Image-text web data
>>>
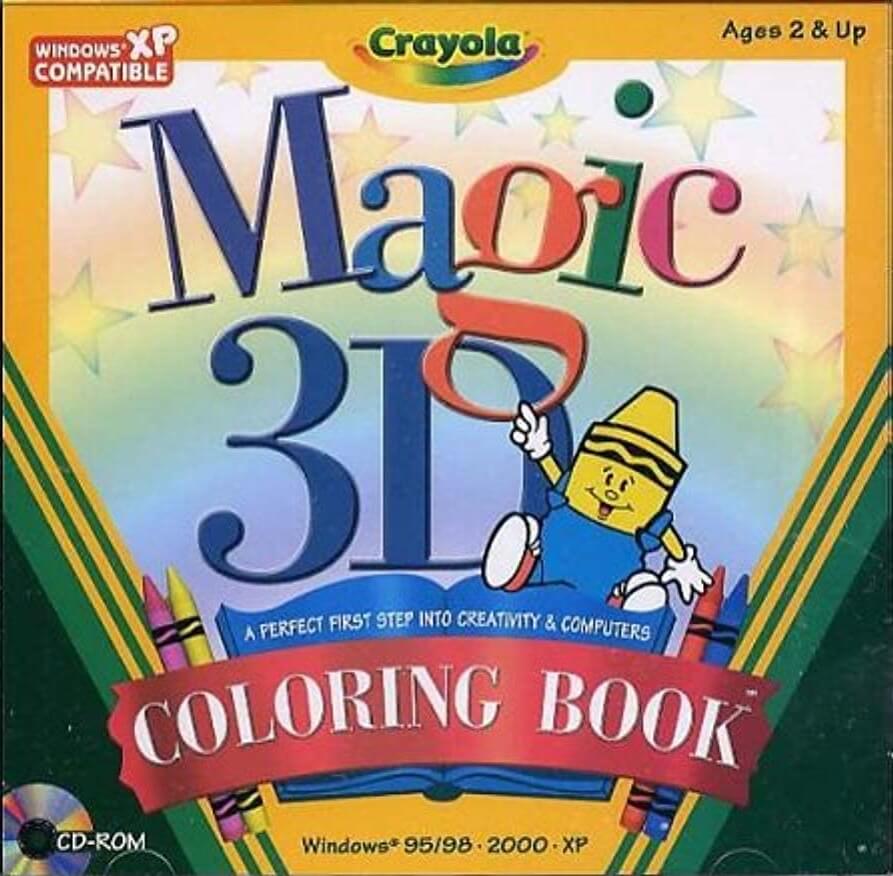 Crayola Magic 3D Coloring Book
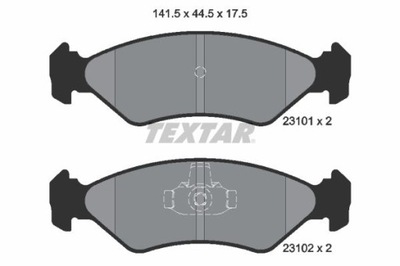 TEXTAR 2310101 КОЛОДКИ ГАЛЬМІВНІ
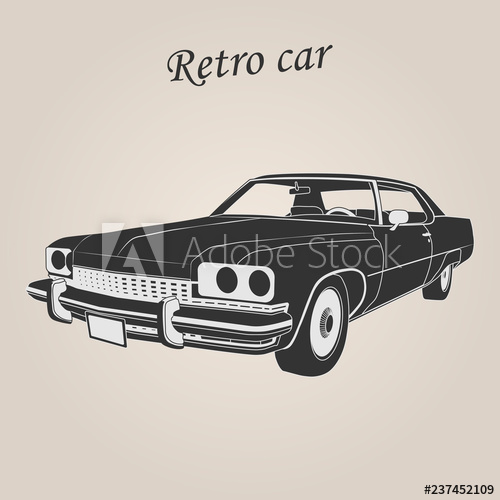 500x500 Vintage Car Retro Car Classic Car Vector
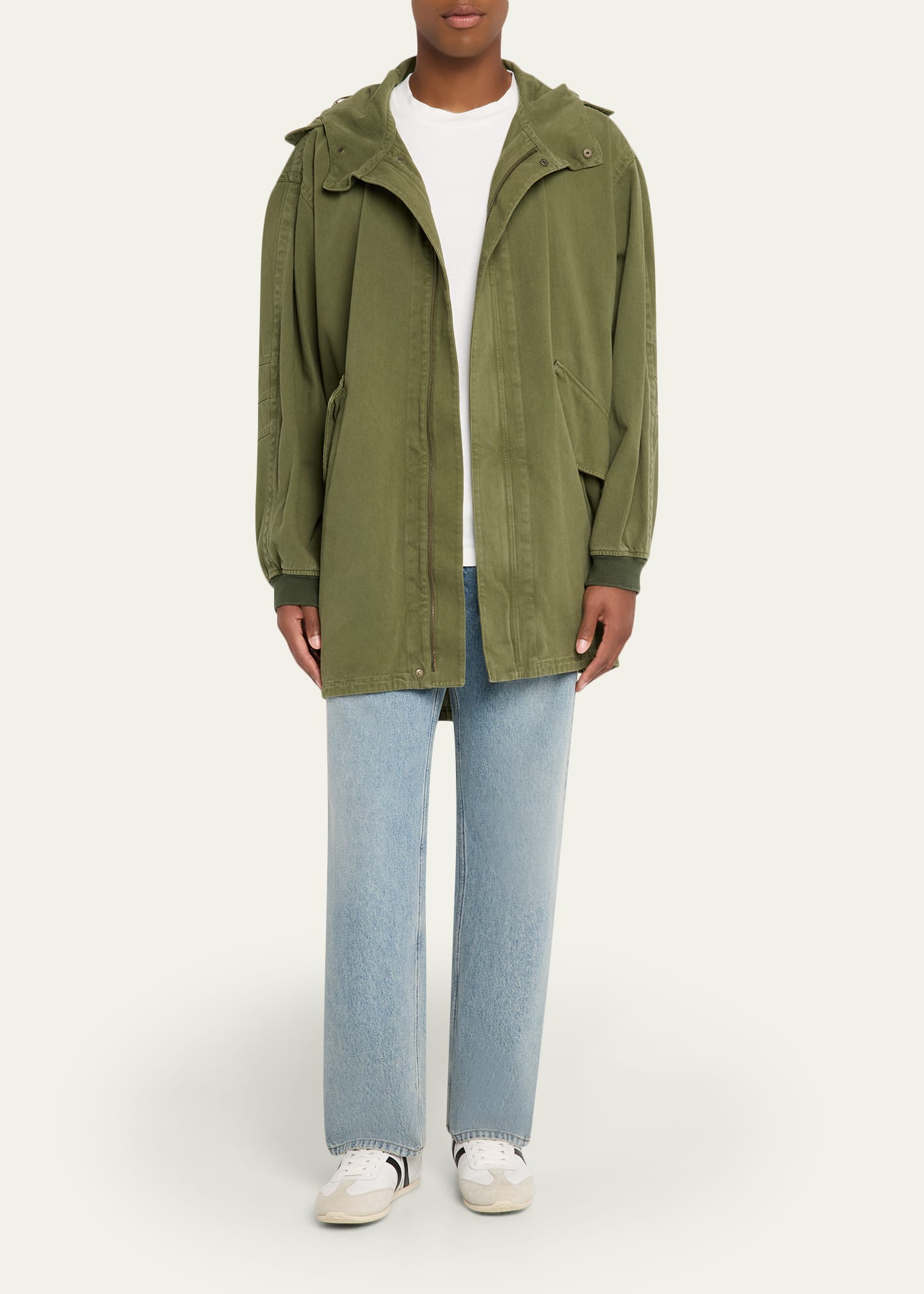 THE ROW Men's Kemet Washed Cotton Fishtail Parka Jacket - Bergdorf
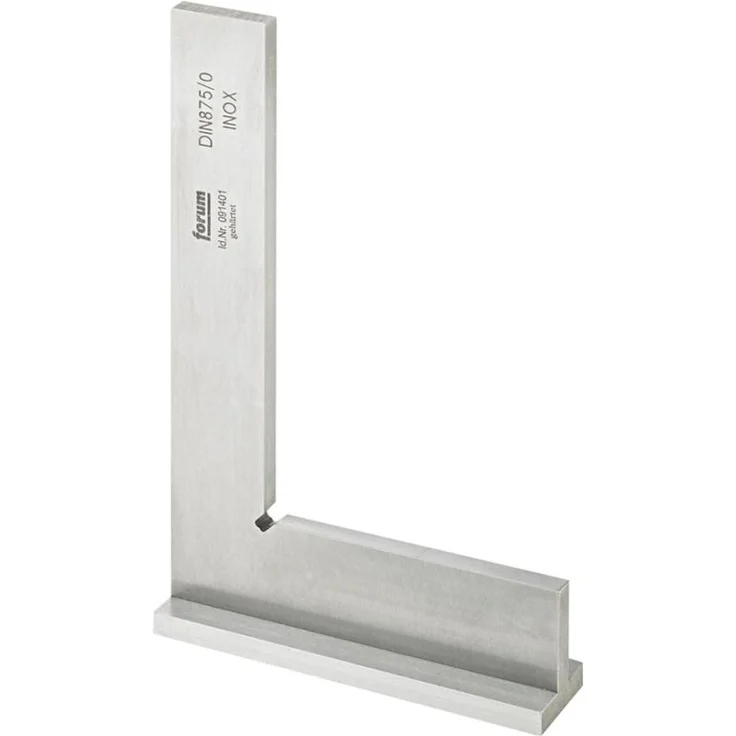 Forum Anschlagwinkel DIN 875/0 B 50 x 40 mm, rostfreier gehärteter Stahl für präzise Winkelmessungen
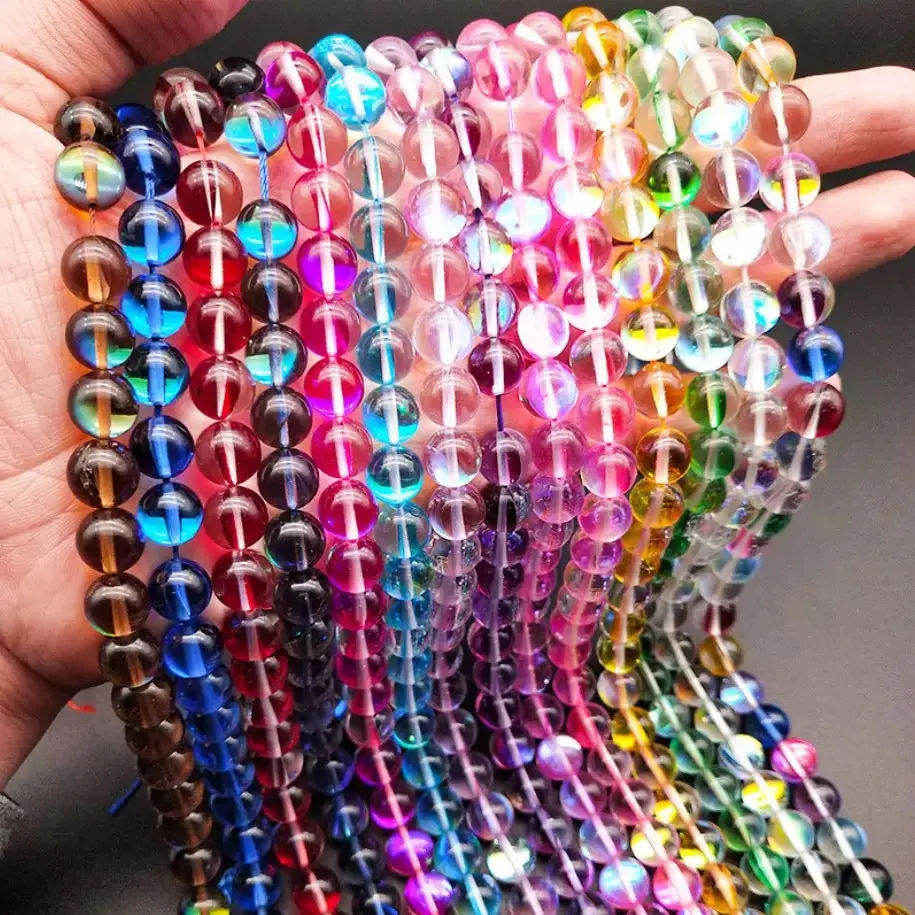 【C】Moonstone beads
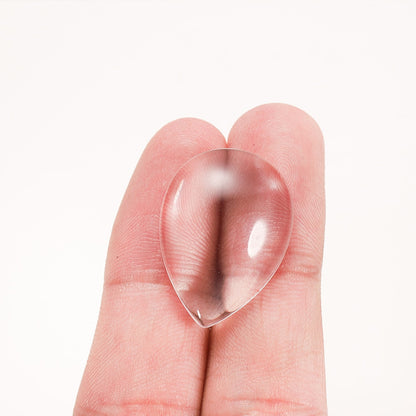 30pcs Transparent Glass Cabochon in 3 Sizes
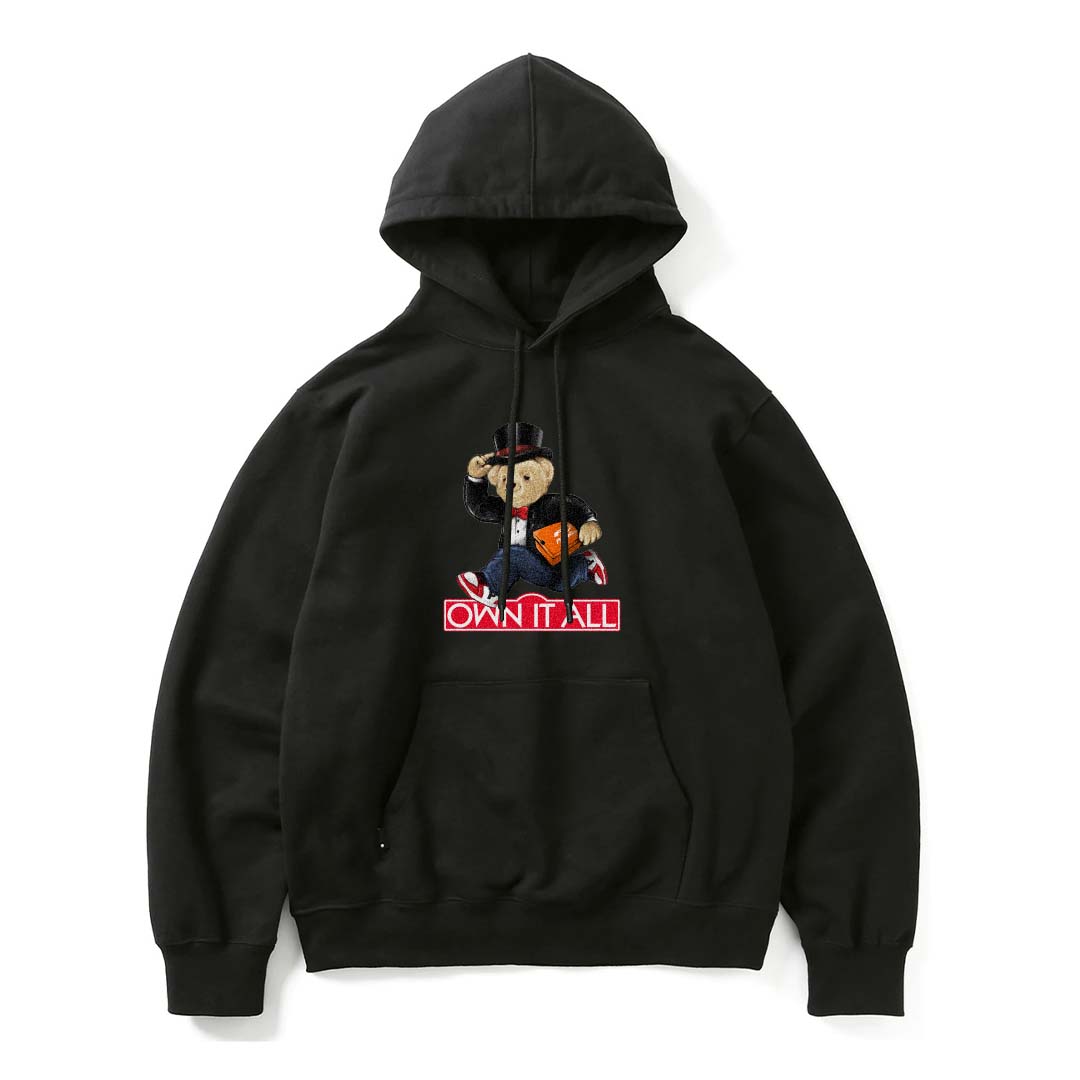 Stoned Bear by Paradise Youth Club Run Hoodie (MYBC)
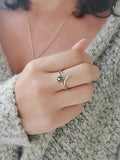 Sterling Silver Dainty Chevron Ring - view 7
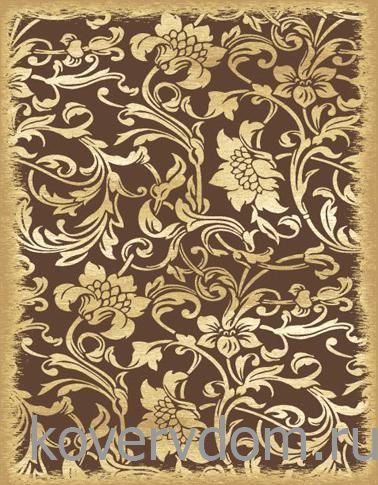 Рельефный ковер из вискозы RIMINI 5093 193813 brown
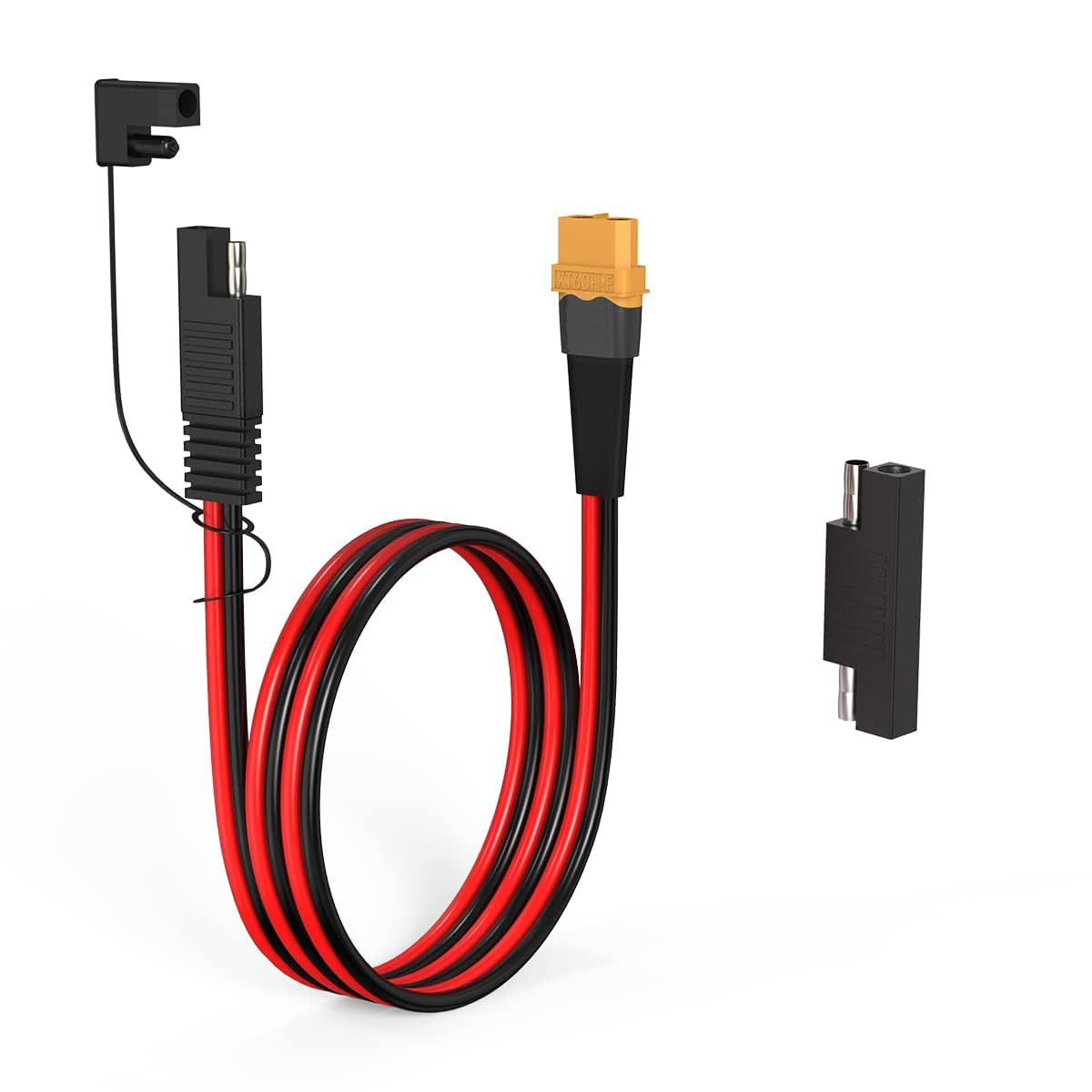 12AWG XT60 to SAE Connector Extension Cable with SAE Polarity Reverse Adapter fo
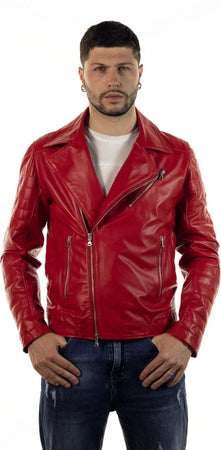 V248---Chiodo-Uomo-Rosso-in-vera-pelle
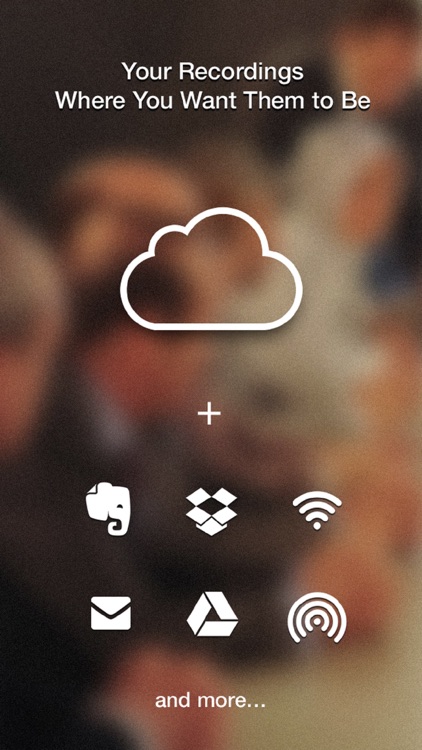 Recordium Highlight - voice recorder, take notes and memos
<<<
▶ _THE TASK_
Exactly retype each record above, dropping images.

▶ _RESPONSE_
 Crayola Magic 3D Coloring Book
 TEXTAR 2310101 КОЛОДКИ ГАЛЬМІВНІ
 500x500 Vintage Car Retro Car Classic Car Vector
 THE ROW Men's Kemet Washed Cotton Fishtail Parka Jacket - Bergdorf
 Forum Anschlagwinkel DIN 875/0 B 50 x 40 mm, rostfreier gehärteter Stahl für präzise Winkelmessungen
 【C】Moonstone beads
 30pcs Transparent Glass Cabochon in 3 Sizes
 Stoned Bear by Paradise Youth Club Run Hoodie (MYBC)
 Sterling Silver Dainty Chevron Ring - view 7
 Рельефный ковер из вискозы RIMINI 5093 193813 brown
 12AWG XT60 to SAE Connector Extension Cable with SAE Polarity Reverse Adapter fo
 V248---Chiodo-Uomo-Rosso-in-vera-pelle
 Recordium Highlight - voice recorder, take notes and memos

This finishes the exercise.